Copy every line that holds the string "Slim" from the data below.

———

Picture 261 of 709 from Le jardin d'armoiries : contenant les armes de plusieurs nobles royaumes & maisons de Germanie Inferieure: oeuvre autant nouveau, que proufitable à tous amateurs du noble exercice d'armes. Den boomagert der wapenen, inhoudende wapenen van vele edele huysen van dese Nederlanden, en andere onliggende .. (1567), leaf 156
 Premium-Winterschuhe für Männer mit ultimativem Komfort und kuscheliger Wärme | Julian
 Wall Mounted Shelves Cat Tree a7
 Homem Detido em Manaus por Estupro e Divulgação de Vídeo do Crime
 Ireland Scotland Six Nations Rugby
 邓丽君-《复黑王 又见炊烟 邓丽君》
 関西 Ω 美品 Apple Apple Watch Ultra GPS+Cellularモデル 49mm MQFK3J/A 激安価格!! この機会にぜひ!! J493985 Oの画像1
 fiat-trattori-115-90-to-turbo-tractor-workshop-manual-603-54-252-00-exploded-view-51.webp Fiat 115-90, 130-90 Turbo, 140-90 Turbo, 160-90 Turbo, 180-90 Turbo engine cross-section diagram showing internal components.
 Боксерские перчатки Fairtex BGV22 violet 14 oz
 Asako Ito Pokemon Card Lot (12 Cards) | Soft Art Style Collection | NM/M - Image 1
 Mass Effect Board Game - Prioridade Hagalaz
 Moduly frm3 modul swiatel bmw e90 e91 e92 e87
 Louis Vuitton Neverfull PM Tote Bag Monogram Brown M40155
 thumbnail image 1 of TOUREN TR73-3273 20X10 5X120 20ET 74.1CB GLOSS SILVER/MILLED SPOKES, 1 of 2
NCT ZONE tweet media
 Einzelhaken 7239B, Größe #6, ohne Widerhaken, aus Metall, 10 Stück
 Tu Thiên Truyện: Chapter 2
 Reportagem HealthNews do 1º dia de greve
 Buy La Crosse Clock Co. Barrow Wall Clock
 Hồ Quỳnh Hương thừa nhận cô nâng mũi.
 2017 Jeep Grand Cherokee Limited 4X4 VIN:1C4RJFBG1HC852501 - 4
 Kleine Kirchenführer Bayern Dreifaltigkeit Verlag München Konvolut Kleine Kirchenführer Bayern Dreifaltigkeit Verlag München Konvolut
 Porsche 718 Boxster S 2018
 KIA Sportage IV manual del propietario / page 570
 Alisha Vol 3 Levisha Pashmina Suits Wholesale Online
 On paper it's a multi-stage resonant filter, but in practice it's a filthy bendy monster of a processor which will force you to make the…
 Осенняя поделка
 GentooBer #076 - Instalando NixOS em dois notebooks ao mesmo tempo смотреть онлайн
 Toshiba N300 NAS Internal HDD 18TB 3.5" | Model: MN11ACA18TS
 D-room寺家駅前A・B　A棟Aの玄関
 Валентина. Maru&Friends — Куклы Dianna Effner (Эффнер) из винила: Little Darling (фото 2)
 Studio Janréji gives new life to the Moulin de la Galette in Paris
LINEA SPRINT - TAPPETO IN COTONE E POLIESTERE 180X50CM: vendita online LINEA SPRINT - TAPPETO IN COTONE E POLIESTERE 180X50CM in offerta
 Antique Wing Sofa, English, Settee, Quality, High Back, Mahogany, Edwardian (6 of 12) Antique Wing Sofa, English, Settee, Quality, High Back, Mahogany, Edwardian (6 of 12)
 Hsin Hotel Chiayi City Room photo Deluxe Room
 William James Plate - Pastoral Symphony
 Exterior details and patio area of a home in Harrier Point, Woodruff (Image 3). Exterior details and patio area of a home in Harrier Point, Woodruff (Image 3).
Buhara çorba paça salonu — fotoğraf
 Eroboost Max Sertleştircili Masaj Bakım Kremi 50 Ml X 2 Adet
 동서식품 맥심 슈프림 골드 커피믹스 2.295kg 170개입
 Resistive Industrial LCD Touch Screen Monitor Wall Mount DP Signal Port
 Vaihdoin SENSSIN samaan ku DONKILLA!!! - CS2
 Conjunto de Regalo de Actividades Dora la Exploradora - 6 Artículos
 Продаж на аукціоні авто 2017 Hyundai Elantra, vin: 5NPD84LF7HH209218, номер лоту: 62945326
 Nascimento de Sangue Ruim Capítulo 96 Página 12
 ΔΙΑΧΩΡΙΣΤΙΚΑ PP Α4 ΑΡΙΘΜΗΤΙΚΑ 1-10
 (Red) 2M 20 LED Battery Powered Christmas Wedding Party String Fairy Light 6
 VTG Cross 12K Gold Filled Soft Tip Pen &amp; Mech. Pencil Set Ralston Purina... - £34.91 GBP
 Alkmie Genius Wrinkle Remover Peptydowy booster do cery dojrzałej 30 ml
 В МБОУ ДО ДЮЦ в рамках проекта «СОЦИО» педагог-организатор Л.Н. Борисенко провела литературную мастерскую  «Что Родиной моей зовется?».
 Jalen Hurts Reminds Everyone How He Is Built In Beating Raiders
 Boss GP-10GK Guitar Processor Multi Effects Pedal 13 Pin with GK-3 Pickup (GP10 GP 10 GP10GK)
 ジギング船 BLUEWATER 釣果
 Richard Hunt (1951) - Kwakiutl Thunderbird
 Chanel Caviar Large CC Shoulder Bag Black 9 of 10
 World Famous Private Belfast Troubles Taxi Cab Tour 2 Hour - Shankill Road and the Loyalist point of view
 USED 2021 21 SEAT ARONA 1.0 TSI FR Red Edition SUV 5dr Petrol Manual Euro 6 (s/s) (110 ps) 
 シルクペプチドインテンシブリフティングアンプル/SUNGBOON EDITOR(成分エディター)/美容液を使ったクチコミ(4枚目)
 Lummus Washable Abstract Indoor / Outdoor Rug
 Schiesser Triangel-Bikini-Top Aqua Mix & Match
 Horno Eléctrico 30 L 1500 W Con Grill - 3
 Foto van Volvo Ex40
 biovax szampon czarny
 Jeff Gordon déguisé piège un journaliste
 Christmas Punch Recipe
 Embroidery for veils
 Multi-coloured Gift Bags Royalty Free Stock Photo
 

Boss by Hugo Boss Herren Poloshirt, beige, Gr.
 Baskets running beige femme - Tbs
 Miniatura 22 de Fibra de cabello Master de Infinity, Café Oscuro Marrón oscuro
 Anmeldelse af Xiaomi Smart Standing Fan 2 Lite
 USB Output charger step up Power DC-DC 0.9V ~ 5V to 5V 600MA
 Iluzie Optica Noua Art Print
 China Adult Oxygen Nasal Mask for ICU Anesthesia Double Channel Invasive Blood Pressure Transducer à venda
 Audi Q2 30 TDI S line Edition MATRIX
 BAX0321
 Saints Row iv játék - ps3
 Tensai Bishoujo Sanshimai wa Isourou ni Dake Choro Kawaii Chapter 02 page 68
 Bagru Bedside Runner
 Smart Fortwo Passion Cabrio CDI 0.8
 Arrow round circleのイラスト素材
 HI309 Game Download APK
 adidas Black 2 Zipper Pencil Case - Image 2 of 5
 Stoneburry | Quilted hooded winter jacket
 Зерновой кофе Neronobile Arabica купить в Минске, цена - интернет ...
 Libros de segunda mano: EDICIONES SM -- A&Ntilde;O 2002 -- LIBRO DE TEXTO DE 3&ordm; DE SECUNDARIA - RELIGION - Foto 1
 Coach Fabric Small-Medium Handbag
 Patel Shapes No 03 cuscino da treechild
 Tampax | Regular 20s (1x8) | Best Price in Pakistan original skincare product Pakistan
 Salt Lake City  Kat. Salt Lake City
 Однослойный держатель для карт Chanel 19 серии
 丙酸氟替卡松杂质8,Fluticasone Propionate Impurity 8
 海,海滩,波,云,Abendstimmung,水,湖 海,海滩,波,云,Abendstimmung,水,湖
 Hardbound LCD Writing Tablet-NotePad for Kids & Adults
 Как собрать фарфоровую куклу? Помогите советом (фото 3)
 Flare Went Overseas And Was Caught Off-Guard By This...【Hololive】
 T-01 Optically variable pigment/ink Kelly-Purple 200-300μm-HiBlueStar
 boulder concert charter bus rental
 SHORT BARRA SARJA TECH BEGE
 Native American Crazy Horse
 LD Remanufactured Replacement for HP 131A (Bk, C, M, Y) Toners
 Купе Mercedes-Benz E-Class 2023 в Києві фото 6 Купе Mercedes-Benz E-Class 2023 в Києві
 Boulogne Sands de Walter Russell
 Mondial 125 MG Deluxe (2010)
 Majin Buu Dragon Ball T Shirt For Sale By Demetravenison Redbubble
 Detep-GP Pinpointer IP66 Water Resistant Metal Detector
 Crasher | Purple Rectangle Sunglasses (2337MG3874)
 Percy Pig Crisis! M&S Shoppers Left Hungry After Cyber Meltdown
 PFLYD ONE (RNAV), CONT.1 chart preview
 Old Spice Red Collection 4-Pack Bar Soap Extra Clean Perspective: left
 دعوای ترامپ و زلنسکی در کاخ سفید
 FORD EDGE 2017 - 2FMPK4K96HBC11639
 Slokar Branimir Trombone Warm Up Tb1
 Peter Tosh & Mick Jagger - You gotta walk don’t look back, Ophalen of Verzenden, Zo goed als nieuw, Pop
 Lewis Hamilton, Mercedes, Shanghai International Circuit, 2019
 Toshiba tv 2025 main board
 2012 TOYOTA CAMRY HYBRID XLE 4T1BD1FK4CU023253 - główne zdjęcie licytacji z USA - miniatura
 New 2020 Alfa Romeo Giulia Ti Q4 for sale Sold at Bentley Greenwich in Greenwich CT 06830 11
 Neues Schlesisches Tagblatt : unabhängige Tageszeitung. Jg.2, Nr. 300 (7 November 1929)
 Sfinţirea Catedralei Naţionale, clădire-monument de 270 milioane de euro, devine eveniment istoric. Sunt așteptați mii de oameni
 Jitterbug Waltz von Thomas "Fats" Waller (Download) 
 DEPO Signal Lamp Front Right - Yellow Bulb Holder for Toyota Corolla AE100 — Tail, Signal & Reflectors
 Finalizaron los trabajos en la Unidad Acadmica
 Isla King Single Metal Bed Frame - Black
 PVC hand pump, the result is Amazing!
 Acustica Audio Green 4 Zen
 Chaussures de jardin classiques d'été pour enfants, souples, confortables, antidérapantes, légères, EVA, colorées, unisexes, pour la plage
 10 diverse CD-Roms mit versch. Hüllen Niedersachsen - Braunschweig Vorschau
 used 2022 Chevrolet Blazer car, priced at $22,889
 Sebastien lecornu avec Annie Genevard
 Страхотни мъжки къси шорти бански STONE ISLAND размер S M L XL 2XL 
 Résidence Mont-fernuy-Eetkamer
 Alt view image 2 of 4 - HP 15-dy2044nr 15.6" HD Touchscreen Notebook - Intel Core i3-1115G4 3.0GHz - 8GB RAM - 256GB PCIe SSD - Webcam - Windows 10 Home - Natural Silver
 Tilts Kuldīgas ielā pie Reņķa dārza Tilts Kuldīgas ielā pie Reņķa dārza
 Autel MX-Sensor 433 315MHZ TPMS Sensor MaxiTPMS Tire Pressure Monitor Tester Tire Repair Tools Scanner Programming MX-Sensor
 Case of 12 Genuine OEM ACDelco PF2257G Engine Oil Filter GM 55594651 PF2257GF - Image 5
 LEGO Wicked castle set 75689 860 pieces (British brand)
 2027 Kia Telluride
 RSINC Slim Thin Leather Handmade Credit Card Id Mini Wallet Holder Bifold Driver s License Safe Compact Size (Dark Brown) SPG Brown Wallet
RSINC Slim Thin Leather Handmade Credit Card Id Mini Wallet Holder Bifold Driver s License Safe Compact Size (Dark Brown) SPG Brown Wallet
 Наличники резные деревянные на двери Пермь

———

ANSWER AREA ->
 RSINC Slim Thin Leather Handmade Credit Card Id Mini Wallet Holder Bifold Driver s License Safe Compact Size (Dark Brown) SPG Brown Wallet
RSINC Slim Thin Leather Handmade Credit Card Id Mini Wallet Holder Bifold Driver s License Safe Compact Size (Dark Brown) SPG Brown Wallet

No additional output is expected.